Quando chegou lá em casa, bem pequeno, Billy trouxe consigo a felicidade. Havíamos perdido meu pai há pouco tempo e minha mãe andava inconsolável. Não cresce, disse a moça que me entregou ele nos braços. Cresceu, sim, ficou enorme. Curioso

como poucos, porte imponente, aquele ar de arrogância próprio dos poodles. Mimado, andava pelas ruas como se fosse o dono. Arrumou bons inimigos ao marcar seus territórios. Fez grandes amigos entre animais também.

Sua capacidade de conquistar os outros, diga-se, superava o temperamento irritadiço. Certo dia o encontramos junto a uma arara enorme, ela coçava a cabeça dele como se fizesse carinho. Em outra ocasião, alugamos casa de veraneio. Havia uma galinha por ali, sabe-se lá vinda de onde. Billy passou a esperar por ela todos os dias, não arredava o pé da porta enquanto a penosa não passasse.

Foi nesses veraneios que conheceu o mar.
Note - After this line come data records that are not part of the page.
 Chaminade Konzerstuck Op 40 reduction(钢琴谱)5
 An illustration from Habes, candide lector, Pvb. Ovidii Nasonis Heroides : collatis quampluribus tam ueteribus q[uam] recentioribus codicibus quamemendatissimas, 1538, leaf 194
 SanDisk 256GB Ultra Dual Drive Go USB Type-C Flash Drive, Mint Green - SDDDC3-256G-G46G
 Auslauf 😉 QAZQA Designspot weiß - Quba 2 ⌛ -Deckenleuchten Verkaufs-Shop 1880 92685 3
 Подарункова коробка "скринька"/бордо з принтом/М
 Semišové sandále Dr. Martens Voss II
Uma festa enorme, aquela novidade. Durante quase um mês, fizemos o ritual de acordar bem cedo e ir à praia juntos. Também amava andar de carro, como todo cachorro. E perdi a conta das vezes em que demos voltas a esmo pela cidade com ele. Era tão inteligente que, quando perdeu a visão, aprendeu a se guiar por minha voz. Bastava cantarolar uma canção o tempo suficiente.

Vez em quando me pego sorrindo ao pensar nele: no modo como costumava guardar os brinquedos prediletos dentro dos potes de comida e em como gostava de aproveitar ao máximo o tempo ao nosso lado. Quando foi ficando cada vez mais fraco, costumávamos carregá-lo para todo canto. Uma vez fomos de madrugada ao aeroporto, pegar uma amiga, e ela tomou um baita susto ao abrir a porta do carro.
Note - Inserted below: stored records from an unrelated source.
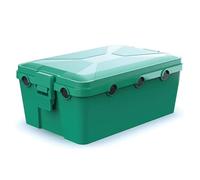Eagle IP54 Boîte de connexion électrique d'extérieur sûre et étanche à la poussière Boîtier portable pour rallonges cordons, minuteries et outils de jardin Verrou à charnière 2 couleurs 7 entrées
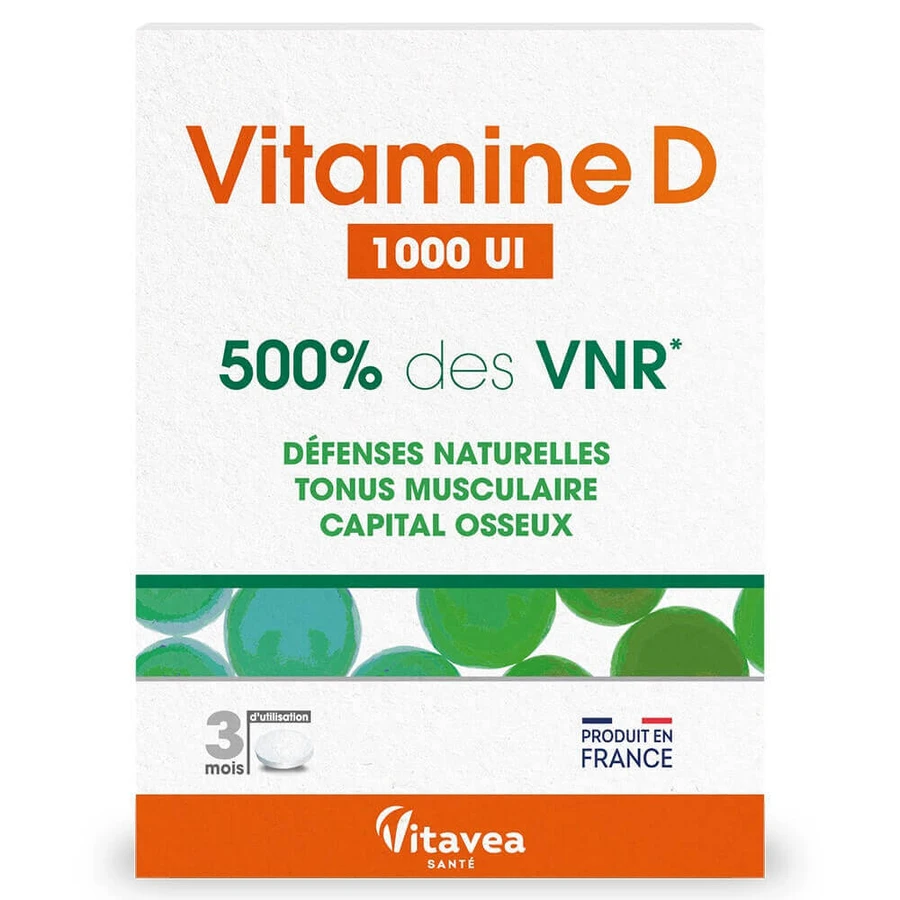 Vitavea Santé Vitamins D 1000 МО 500% des VNR* 90 таблеток: ціни та характеристики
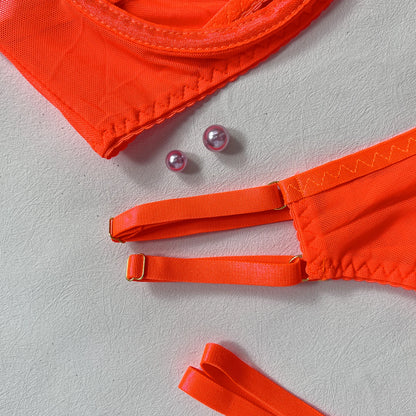 5-Piece Costume Hollow Underwear Sensual Open Bra Outfits Lingerie Set - The Clothing Company Sydney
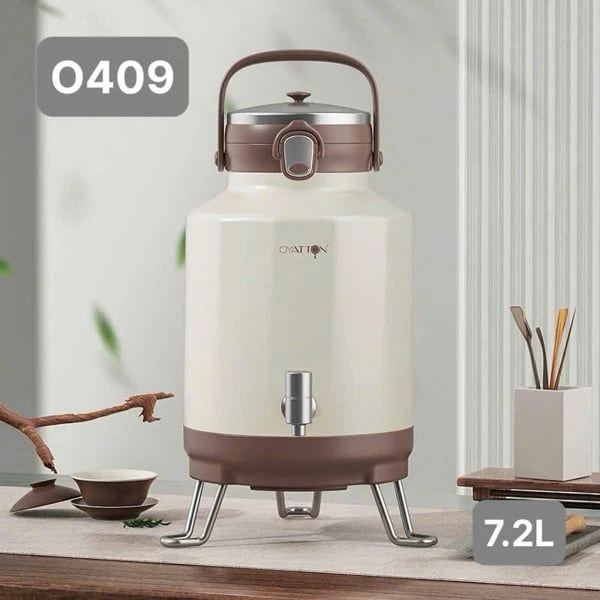 Bình bảo ôn O409-W OYATTON Grand Master màu trắng 7200ml, model: OYT-W720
É Quintana, acho que sim. É que, às vezes, eu gosto de esquecer o autor de um poema de propósito, deixar apenas que os seus versos fiquem ressoando livres dentro de mim, e é como se acomodasse aquilo que ele me faz sentir sem intermediários. Esse que lembro agora, bem agora, diz assim: “Só o que está perdido é nosso para sempre”.